The object of cricket is to beat the opposition. There are many ways that playing or watching cricket can be enjoyable or entertaining, but, especially at the highest and most competitive level, winning the encounter is 99% of it.
But victory’s capacity to instil joy decays at break-neck speed. So, when Andy Flower took the England side out into the middle of a deserted SCG – exercising the visceral and territorial rights of the victor – he will have reminded them that success is a transitory experience best savoured in the ‘now’.
In urging the side to relish their combined achievements, Flower and Strauss will already have begun the process of fostering the sense of ‘us’ against an unjust world that will fortify the side for the next contest and the next after that.
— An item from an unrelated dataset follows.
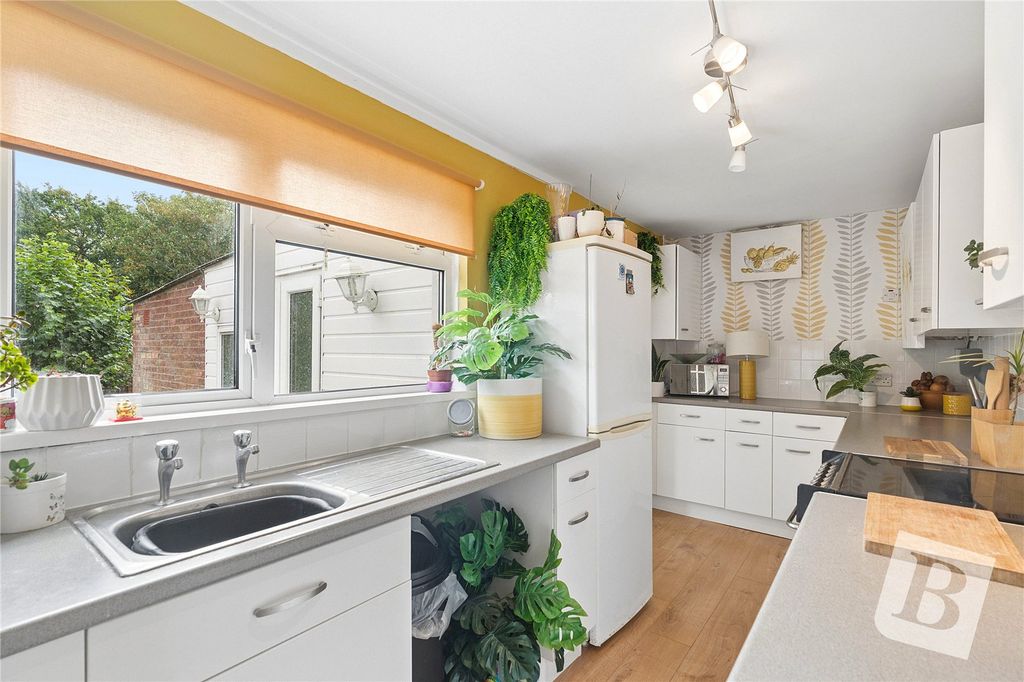 Property photo 3 of 18 Kitchen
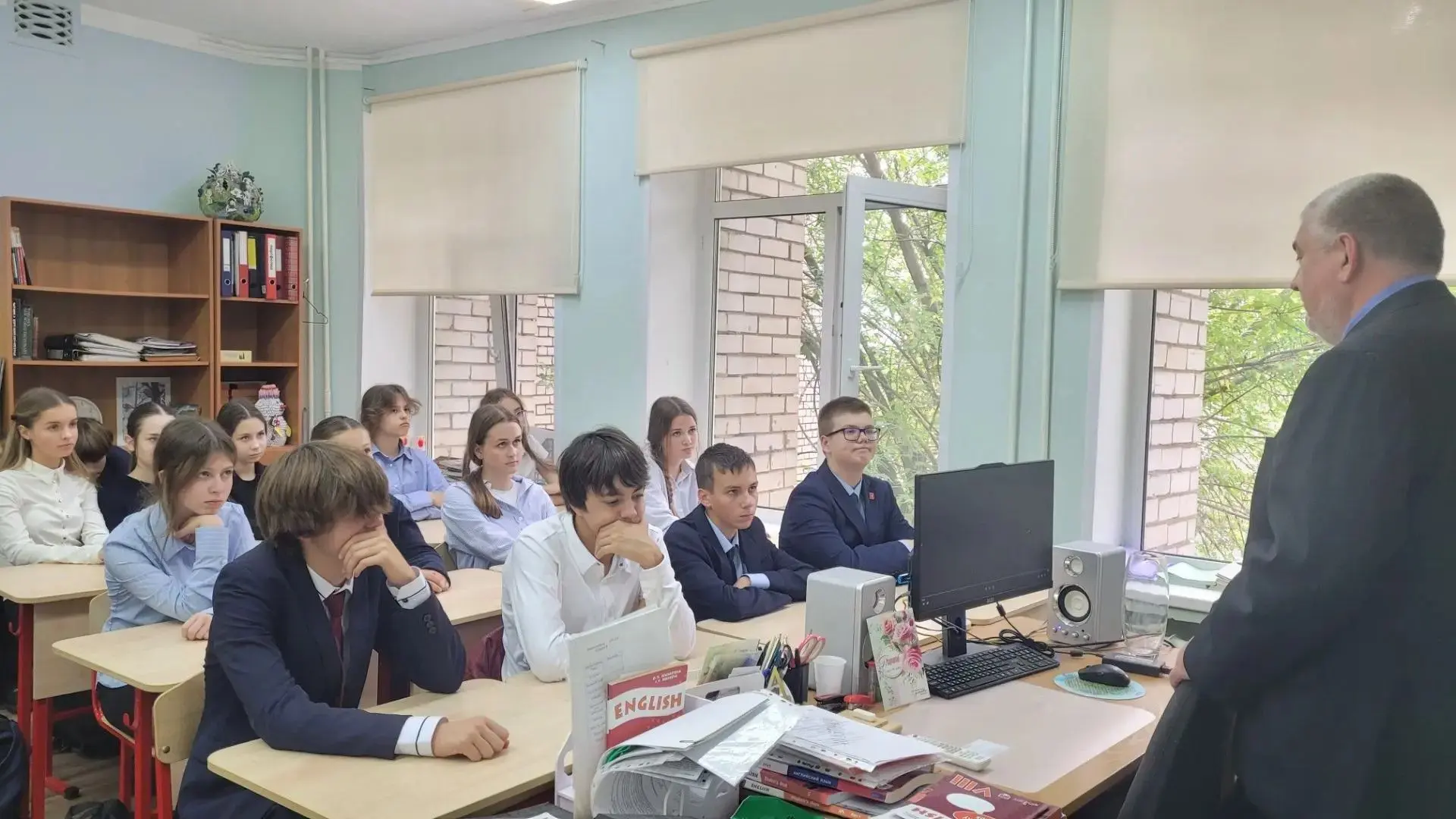 3 сентября на уроке «Россия – многогранное государство» учащиеся 8 «В» класса познакоми...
Douglas Jardine did just that when he was given the job of leading England back to Australia in 1932. He never forgot and never allowed his side to forget the treatment that Percy Chapman’s 1928/29 side received during their triumphant series when the players’ combined and individual merits were belittled.
Hammond with a Test match aggregate of 905 runs was dubbed a ‘one stroke player’ and Larwood, whose pace had already exposed weaknesses in the Australian batting, was dismissed as no match for Gregory.
The reaction of the crowds had been directly hostile. During that Sydney Test fights broke out on the Hill, the barracking never relented, especially of wicket keeper Duckworth after he was involved in a controversial decision.
Some say that Bodyline resulted from a determination to remove the threat of Bradman, but it was much more than that. It was a psychological ploy to bolster Jardine’s concept of Total Cricket.
Today the slurs are subtler but no less unworthy. “England aren’t a brilliant team – just good at what they do. Where’s the entertainment in that?”
As one Australian blogger summed it up, “What makes them good is not necessarily what gets you excited about cricket. If they’re your team, you don’t care how they win, but for the rest of us, Australians and everyone else, this was a long series, filled with well drilled quick singles and bowling units combining.”
Smeared as unprofessionally inept in 2006/7, today they are scoffed at for being too professional.
Because cricket is monetised more sophisticatedly than ever before, the cash value of prominent England players is chalked up for all to see at the IPL auction mart.
The worth of showman Pietersen is downgraded from £800k to £400k. Western pin-up Broad is sold for just £250K. Anderson who was arguably the man of the series has no value, nor do the equally effective T20 cricketers Prior, Bresnan and Swann (though all may have misjudged their reserve pricing tactics and should question the expertise of their agents.)
Albion Resurgent will never be a popular show, but watching skilful swing bowling, secure fielding, adept batsmanship and life affirming teamwork was a great pleasure. Different tests now await England, but it is heartening to hope that the reaction of their opponents can make even a victor stronger.